What matters most is the size of the individual photo receptors - you need enough area to capture enough photons to overcome the signal-to-noise ratio. At some point there aren't enough photons to give you sufficient information to make a good image. With today's technology that lower limit seems to be about 6 microns square. That's why cramming in lots of megapixels in a small area gives diminishing returns. As an example, some of my nicest images I shot on a Nikon D1 - only 2.74 megapixels! I have 11x14" prints from this camera that are stunning. The D1 has photosensors that are 11.8 microns square.

Today for an APS-C sensor size the sweet spot is about 16-20 megapixels. For 35mm sensors, it's about 20-30 megapixels. Those pixels are useful for two things - cropping or printing large. Anything over about 4 megapixels is wasted on images that you show on a computer. My iMac 27" can only display 3.69 megapixels if the image is shown full-screen. By all means if you print huge prints then go for a huge sensor (in a huge camera).
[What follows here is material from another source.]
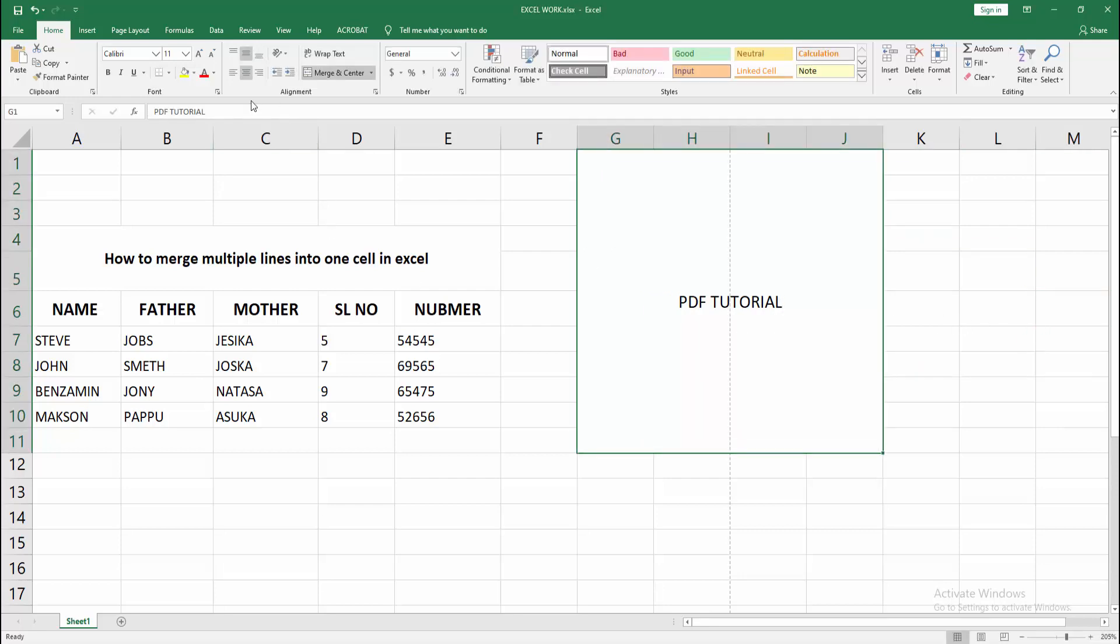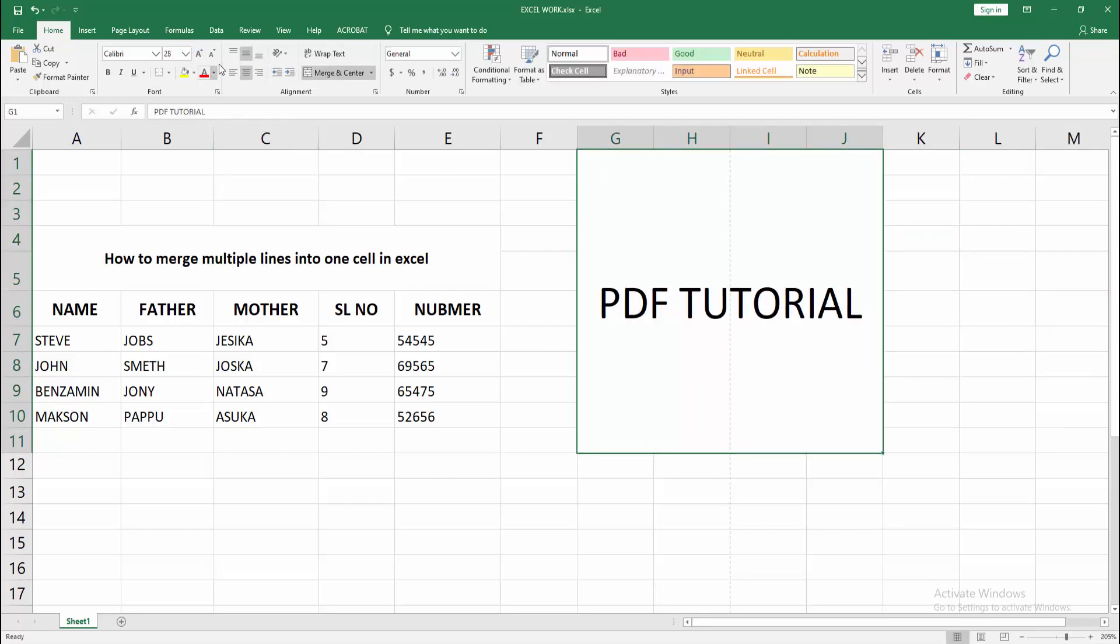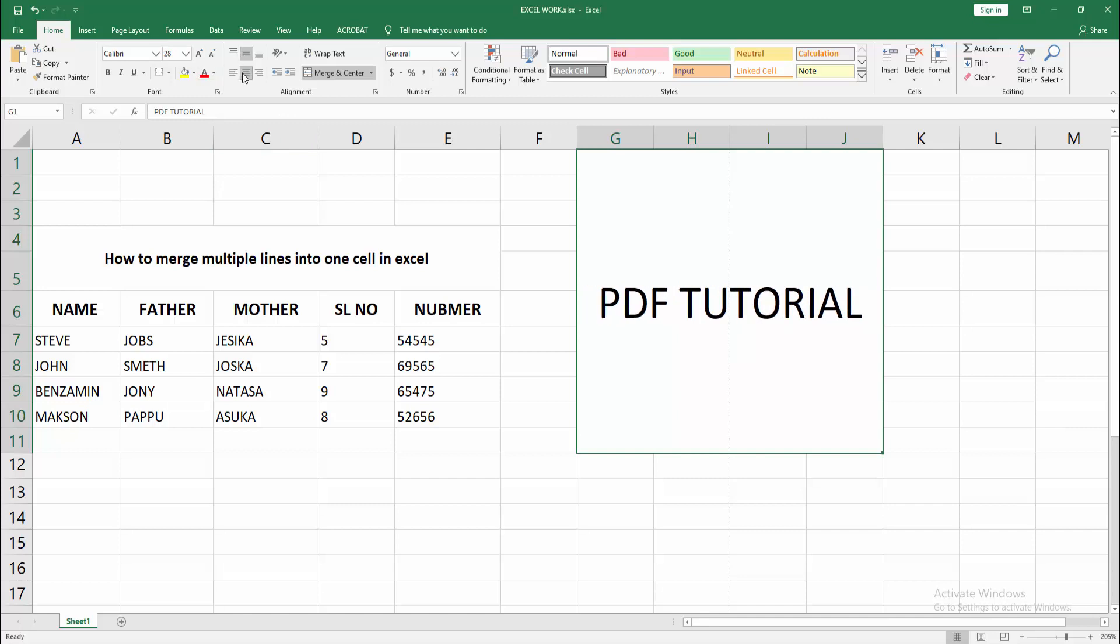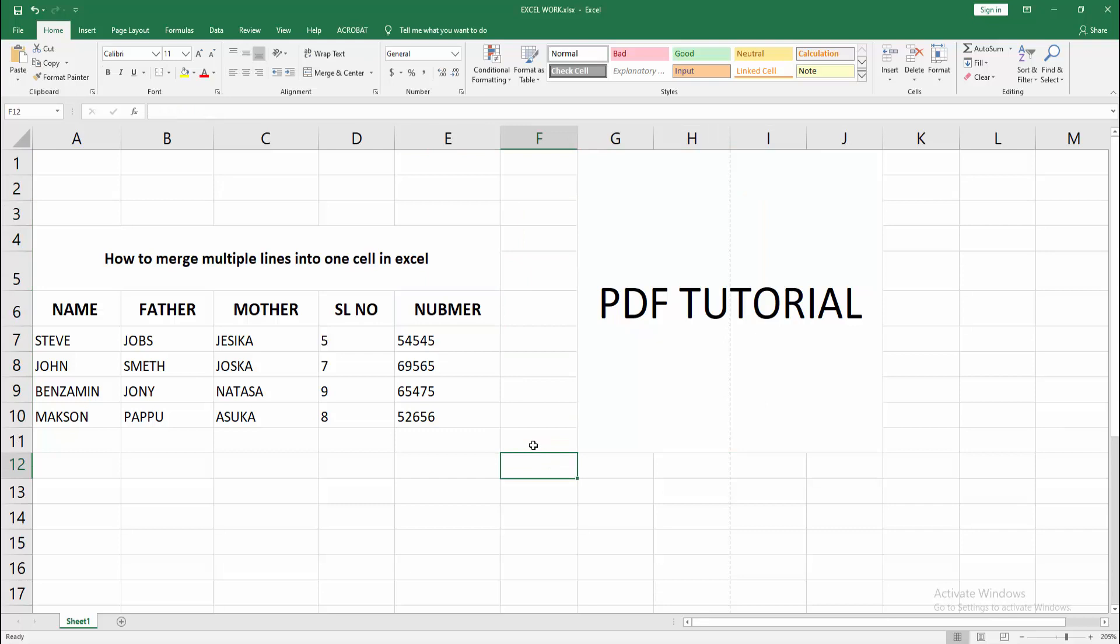You can increase the size of the text. You can change the alignment. Now you can see we merged multiple lines into one cell easily.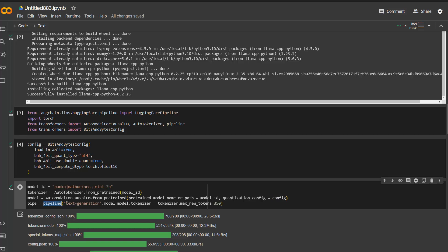And then we say, what do we want to do? Well, we want to generate some text with the language model. And then the model is the model, the tokenizer is the tokenizer. And then how much new tokens you want to generate. You can also add a larger number here. I'm using 350 in this case.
Keep this in mind when checking out new cameras. If you don't crop a lot or print larger than 11x14 on a regular basis, then the sensor size and number of megapixels should be way down the bottom on your list of criteria to evaluate new cameras.

I hope this helps us keep an open mind. There are a lot of exciting new cameras out there!
 

nostatic

New member
By all means if you print huge prints then go for a huge sensor (in a huge camera).

Keep this in mind when checking out new cameras. If you don't crop a lot or print larger than 11x14 on a regular basis, then the sensor size and number of megapixels should be way down the bottom on your list of criteria to evaluate new cameras.

I hope this helps us keep an open mind. There are a lot of exciting new cameras out there!
Part of the equation was changed by the A7. It is the same size as the EM1. So huge sensor doesn't necessarily mean huge camera any more though certain glass is still an issue.

Agree about the MP war and looking at your needs. The other factors though are the intangibles like ergonomics and whether or not the tool is "fun." Hard to quantify those...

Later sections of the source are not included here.